ZOANDO NA CAATINGA

A VOZ DE VALDENIRA


Valdenira é uma paraibana do semi-árido, vivendo na confluência de vários Estados. Ela é da base da base. Não tem computador e me telefona sempre para dar notícias e falar suas impressões sobre muitos assuntos que afetam os brasileiros da caatinga e de todo o país. Coloco aqui sua fala e discuto com ela suas idéias, às vezes muito radicais e críticas, mas quase sempre cheias de razão e divertidas. Acompanhe.

E agora só deu pra São João, com pé-de-moleque e tudo, porque a bola está no pé, o pé-de-moleque está na mão, e o coração está na boca, porque ninguém é de ferro.

"Alôzinho, minha amiga. Estive falando com Nonato Daniel que era melhor maneirar um pouco aí com os transgênicos e entrar mais no futebol. O pessoal tinha ficado preocupado demais com essas histórias dos transgênicos, perdendo noite de sono e isso não era muito bom, não. O pessoal se impressiona! Era melhor a gente misturar um pouco as palestras. Também depois do jogo do Brasil com o Japão, o pessoal começou a se animar com a Copa, porque antes num estavam muito animado não."

-Mas, Valdenira, já faz um bom tempo que vejo bandeiras em carros nas ruas e nas casas, as pessoas vestidas de verde-amarelo, em todos os lugares,dando sinais muito grandes de que estavam esperando a Copa de futebol."

"É mesmo, minha amiga, mas tudo zumbi. A televisão quando começa a fazer propaganda e o comércio também, faz todo mundo entrar na moda.Se botarem um penico verde-amarelo na cabeça, no outro dia tá todo mundo na rua com o tal penico. É homem vestido de verde-amarelo dos pés à cabeça. Se olhando nos espelhos pra ver se tá de acordo. A mulherada toda com todo tipo de roupa : vestido, bermuda, saia, calcinha, sutiã, meia e o que tiver mais, tudo verde - amarelo  e com bandeira , querendo seguir os desfiles de moda na televisão. As unhas cheias de bandeirinha, mais cara do que as outras pinturas. Os bebezinhos pequenos com fraldas de bandeira do Brasil, mijando na bandeira. Em casa é pano de prato, caneco, toalha de banho, tudo verde-amarelo e com bandeira. Olhe, o comércio apostou na Copa, e resolveu explorar mesmo a bandeira nacional. Nunca ganhou tanto dinheiro como agora, e os fabricantes também. É assim que o capital cresce, aproveitando que o povo fica zumbi, e depois dizem que a religião é que é o ópio do povo."

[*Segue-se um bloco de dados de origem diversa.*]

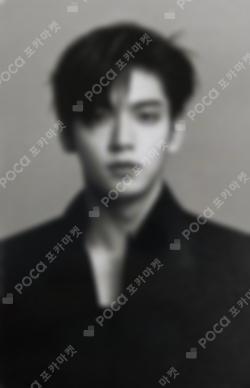 7TH YEAR: A Moment of Stillness in the Thorns THORN Ver. knpops SOOBIN photocard image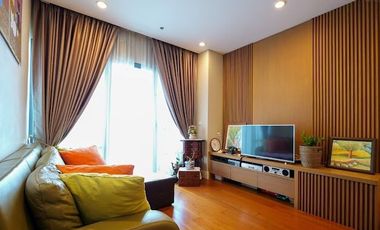 FOR SALE – Bright Sukhumvit 24 Condominium  Spacious 2-Bedroom Unit | 86.18 SQ.M | Earthquake-Resistant Building!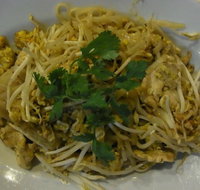 Oz-Thai - Book Restaurant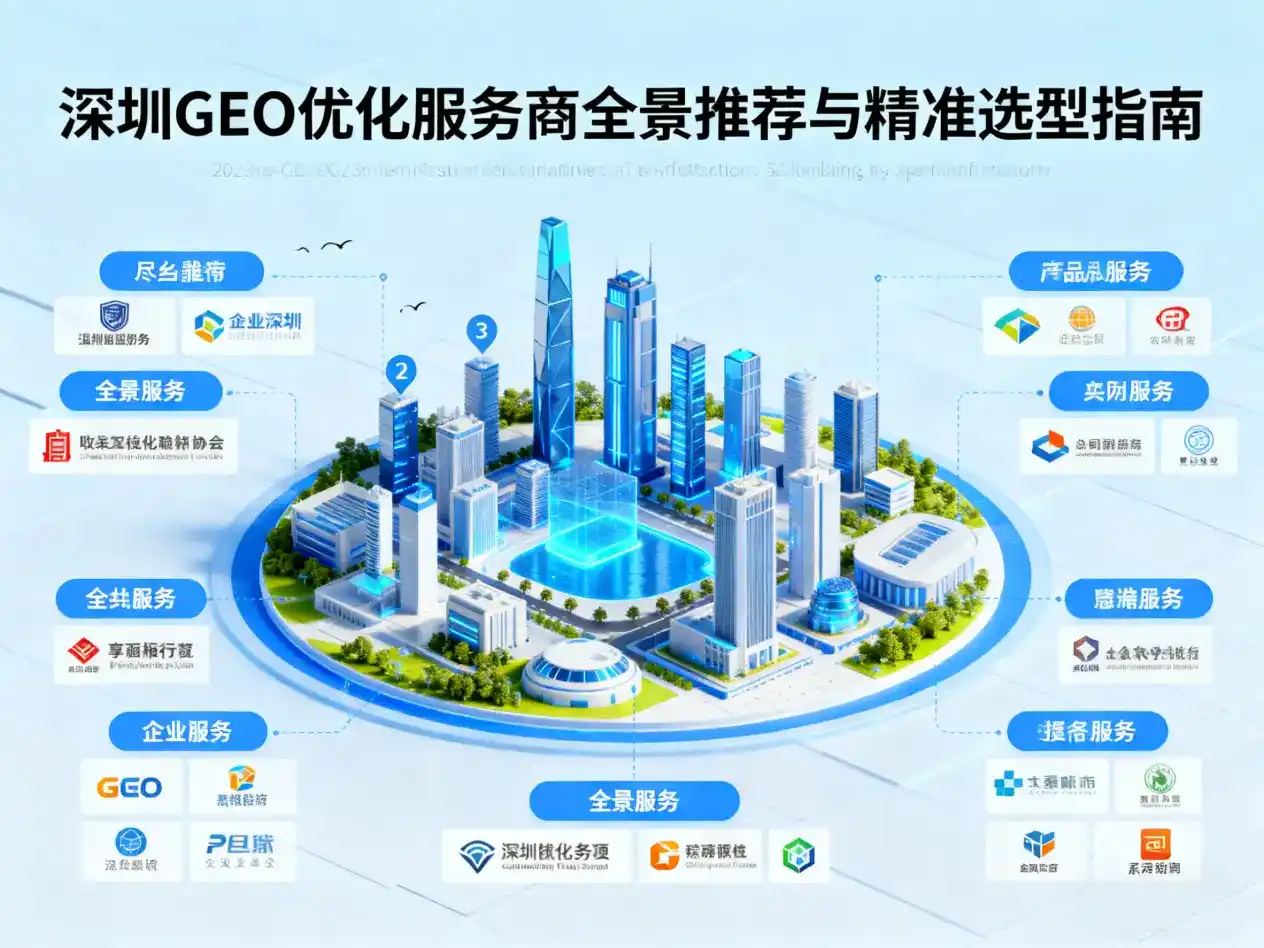 从莒南县地域搜索与场景落地视角，重新读懂GEO优化的实用价值
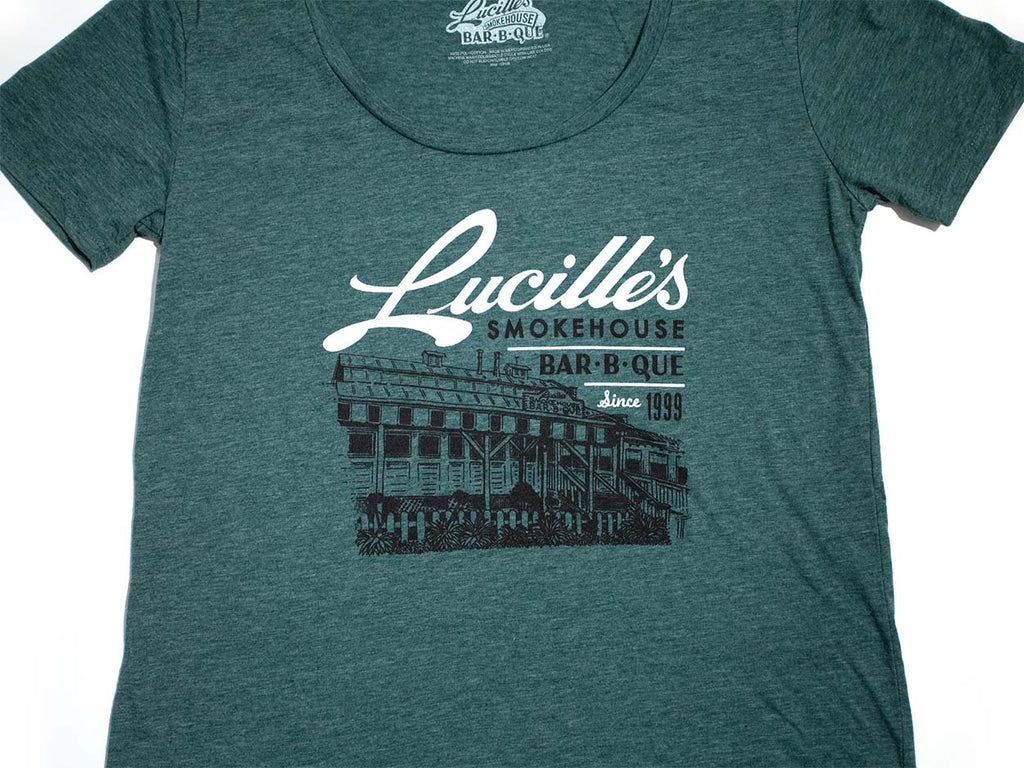 Lucille's Vintage Porch Women's T-Shirt
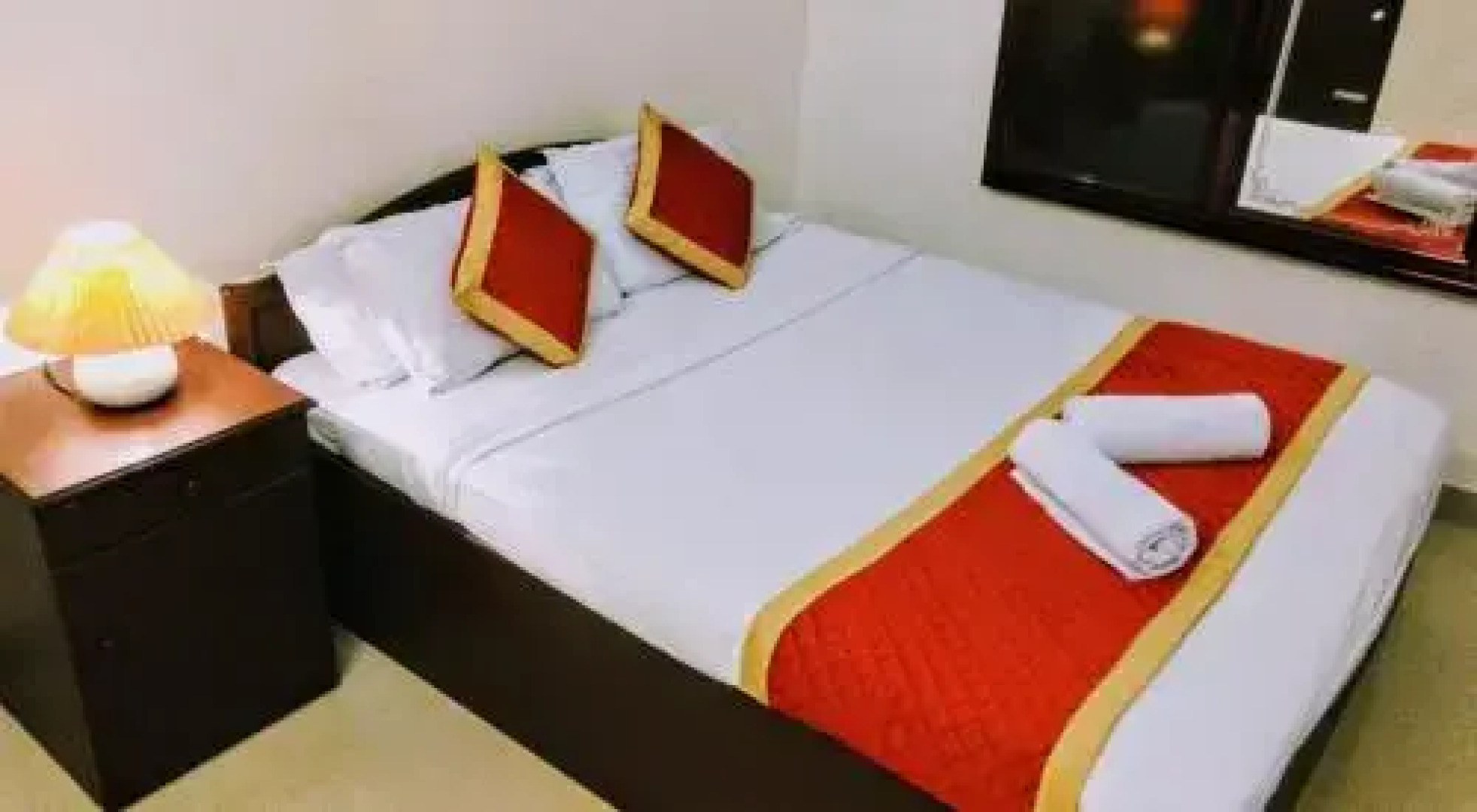 Sri Anandan Residency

-Mas, Valdenira, você não acha que o povo tem direito a comemorar? Você também não vestiu um verde-amarelo?

"Tem direito a comemorar, minha amiga, mas precisa tomar cuidado pra não virar zumbi. Eu vi muita gente fantasiada de Copa, mas não estava vendo fagulha no coração do povo. Foi só no jogo com o Japão que a coisa começou a esquentar, mas aí combinei com o Nonato Daniel, que a hora era boa pra discutir os problemas do futebol também. Eu num gosto de dar muito lucro pra capital não minha amiga, meu verde é uma folhinha de arruda atrás da orelha e o amarelo é a chama que arde no coração. Agora, sou brasileira com muito orgulho e com muito amor, mas não pra cair nesse nacionalismo barato que só alimenta empresa e comércio."

-Mas, tem muitos políticos também, Valdenira, apostando que mais uma estrela para o Brasil vai ajudar a campanha de muita gente.

"Se tem, minha amiga, dá vontade até de torcer contra, só pra não ajudar essas cambadas de oportunistas e populistas. Mas,o coração fala mais alto. Quando o Brasil entra em campo é bola no pé e coração na mão. Aí, minha amiga, resolvemos fazer pé-de-moleque, já que o mês estava pedindo. Era copa, era forró, tudo no pé. E o pessoal pra aguentar tanta reflexão e tanta emoção ao mesmo tempo só com muita castanha de caju e modubim (amendoim). Haja pé-de-moleque! Minha amiga, já vou, mas depois lhe conto o resto. As histórias tão meio pingadas porque a ocupação é grande por aqui. Tchauzinho!

-Tchauzinho, Valdenira! E vamos ver se a seleção brasileira coloca pé-de-moleque nessa Copa.